Meanwhile, original equipment manufacturer giants such as Boeing [NYSE:BA], Airbus [EPA:AIR], and General Electric [NYSE:GE] are “focused on stabilizing their supply chains to support this substantial production ramp,” which will likely result in further strategic consolidation, says Nemo.

On the defense side, two sector advisers say heightened geopolitical turmoil will boost demand for missiles and hypersonic weapons.

L3Harris Technologies’ [NYSE:LHX] acquisition of propulsion systems maker Aerojet Rocketdyne for USD 4.7bn completed in July and NewMarket Corporation’s [NYSE:NEU] proposed purchase of AMPAC, a maker of specialty chemicals for rocket motors, for USD 700m in December are evidence of this, they say. Another company in the market is United Launch Alliancea space-launch joint venture between Lockheed Martin [NYSE:LMT] and Boeing, as reported.

SPACE ACTIVITY CONTINUES ORBIT

Space technology is among the hot subsectors within Industrials as contracts come up for grabs. Some smaller private companies could become attractive targets for larger defense players looking to gain a competitive edge via access to contracts, say the two sector advisers.

Besides propulsion systems manufacturers, businesses providing critical space capabilities such as space launch, small satellites, and components will be logical targets for both strategic and private-equity acquirers, adds Nemo.

Roughly 8,000 satellites are orbiting the earth today, and that number will reach 100,000 within the next decade, says Alec Dafferner, partner and head of US advisory for GP Bullhound. Once SpaceX’s Starship is operational, it will be a game-changer for the sector, he says.

“There’s going to be a massive need for solutions,” Dafferner says. Companies like LeoLabs that help manage and track objects, trash, and clutter in low Earth orbit could become in vogue given the number of launches.

In addition to AEI, Blackstone [NYSE:BX], Advent International, TJCKKR [NYSE:KKR], and Veritas Capital have been actively investing in the space sector, a trend that Nemo and Dafferner see continuing. A&D players such as GE Aerospace and General Dynamics [NYSE:GD] may also look more actively at space opportunities, Nemo adds.

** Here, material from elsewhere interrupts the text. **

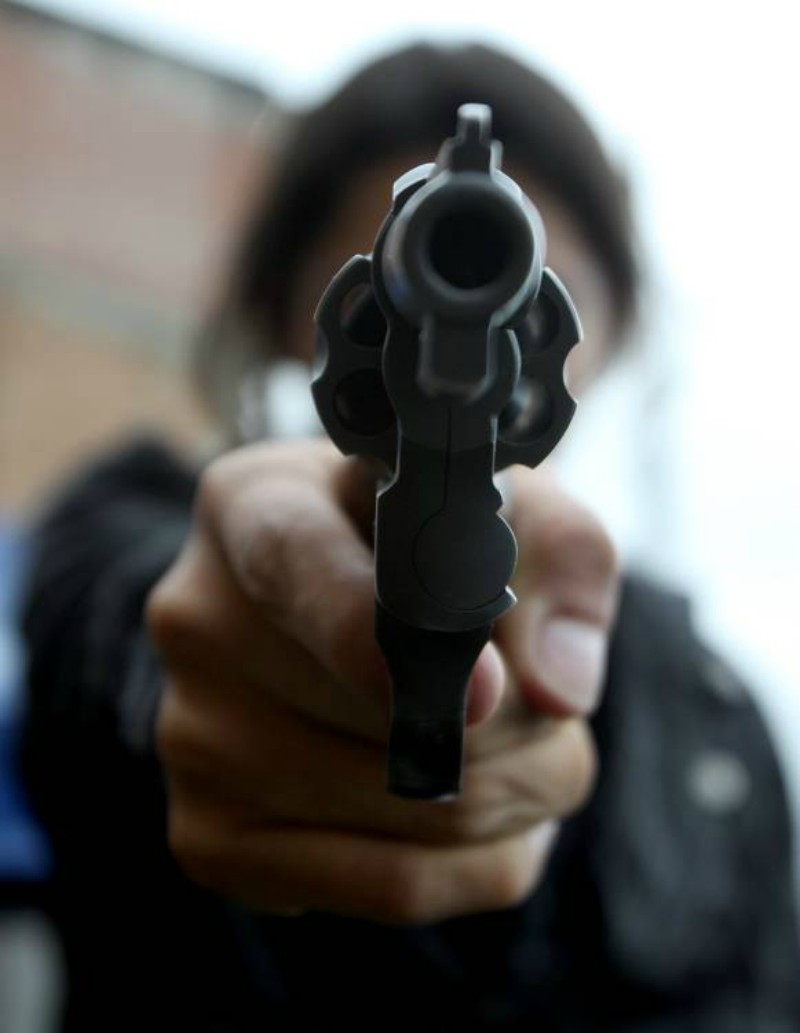 Policiales: Un adulto mayor intentó abusar de una mujer apuntándola con un arma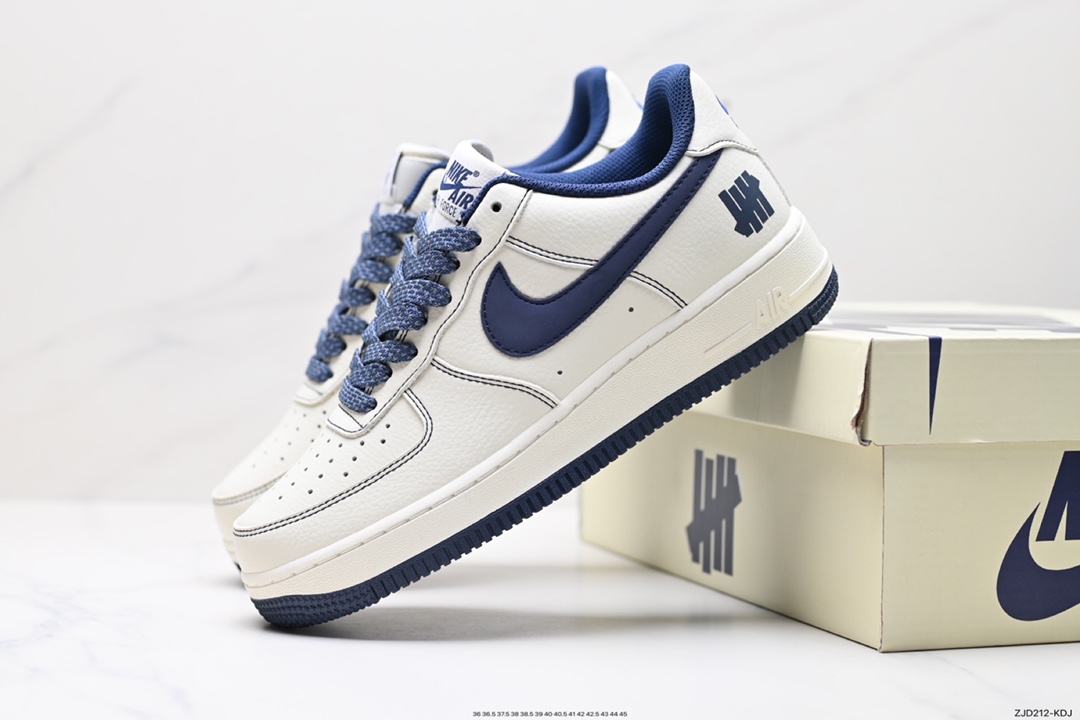 240 Nike Air Force 1 Low DB3301-033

Companies that went public via SPAC deals a few years ago but are now struggling could also be targets, notes Kirk Konert, managing partner of AEI.

“I think there will be consolidation and opportunities for investors to find good companies at better prices than ever in the space sector,” Konert says.

EVs ANOTHER M&A DRIVER 

The need to develop and commercialize public electric vehicle charging infrastructure will also drive M&A and investment activity. “Battery development will drive activity in mining as automotive producers and battery suppliers look to secure the basic mineral and metal components needed to produce batteries for EV cars and electrical storage facilities at scale and in (battery) machinery manufacturing,” says David Brinton, partner at Clifford Chance.

But he cautions that the geopolitical climate could weigh on activity. “Political and economic stability is a linchpin of M&A activity and as cross border M&A activity in the industrials sector continues to grow, instability, even on a fairly limited regional basis, can have an outsized impact.”